Exercise aim: Please copy out the entries below exactly, beginning with the line that contains "Used Tank 300" and ending with the line that contains "Madison Brown Wood", and include nothing outside that span.

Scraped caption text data
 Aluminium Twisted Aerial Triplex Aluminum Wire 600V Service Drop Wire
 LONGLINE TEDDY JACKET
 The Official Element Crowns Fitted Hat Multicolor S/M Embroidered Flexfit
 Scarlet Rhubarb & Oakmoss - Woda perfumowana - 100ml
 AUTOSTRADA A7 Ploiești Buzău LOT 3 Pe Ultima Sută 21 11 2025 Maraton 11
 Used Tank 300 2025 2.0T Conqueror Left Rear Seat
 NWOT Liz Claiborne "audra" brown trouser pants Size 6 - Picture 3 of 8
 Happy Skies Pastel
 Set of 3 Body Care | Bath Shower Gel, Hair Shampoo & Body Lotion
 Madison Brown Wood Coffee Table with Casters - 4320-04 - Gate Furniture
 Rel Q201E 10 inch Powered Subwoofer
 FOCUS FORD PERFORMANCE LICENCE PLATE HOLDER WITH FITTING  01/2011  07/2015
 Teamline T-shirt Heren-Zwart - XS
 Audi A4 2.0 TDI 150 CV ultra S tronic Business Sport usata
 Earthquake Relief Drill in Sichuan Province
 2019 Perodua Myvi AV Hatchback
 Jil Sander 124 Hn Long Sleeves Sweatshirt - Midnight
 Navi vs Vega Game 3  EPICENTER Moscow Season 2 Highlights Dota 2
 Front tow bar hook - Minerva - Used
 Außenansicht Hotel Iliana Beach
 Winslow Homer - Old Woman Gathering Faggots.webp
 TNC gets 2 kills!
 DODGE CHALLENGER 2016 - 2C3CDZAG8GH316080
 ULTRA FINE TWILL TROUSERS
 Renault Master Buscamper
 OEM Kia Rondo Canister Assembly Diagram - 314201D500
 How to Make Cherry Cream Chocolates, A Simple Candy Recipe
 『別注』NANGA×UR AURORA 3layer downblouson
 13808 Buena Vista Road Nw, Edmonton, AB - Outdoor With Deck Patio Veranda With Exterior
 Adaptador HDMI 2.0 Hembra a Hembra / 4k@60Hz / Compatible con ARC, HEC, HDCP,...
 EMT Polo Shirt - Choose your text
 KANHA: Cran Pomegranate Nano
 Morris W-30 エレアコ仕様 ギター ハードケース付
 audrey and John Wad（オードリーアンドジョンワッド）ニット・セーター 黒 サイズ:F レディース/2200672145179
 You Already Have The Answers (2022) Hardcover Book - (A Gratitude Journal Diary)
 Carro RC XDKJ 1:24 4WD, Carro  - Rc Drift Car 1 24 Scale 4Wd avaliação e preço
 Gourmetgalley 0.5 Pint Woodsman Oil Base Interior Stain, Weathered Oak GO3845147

Finished exercise:
 Used Tank 300 2025 2.0T Conqueror Left Rear Seat
 NWOT Liz Claiborne "audra" brown trouser pants Size 6 - Picture 3 of 8
 Happy Skies Pastel
 Set of 3 Body Care | Bath Shower Gel, Hair Shampoo & Body Lotion
 Madison Brown Wood Coffee Table with Casters - 4320-04 - Gate Furniture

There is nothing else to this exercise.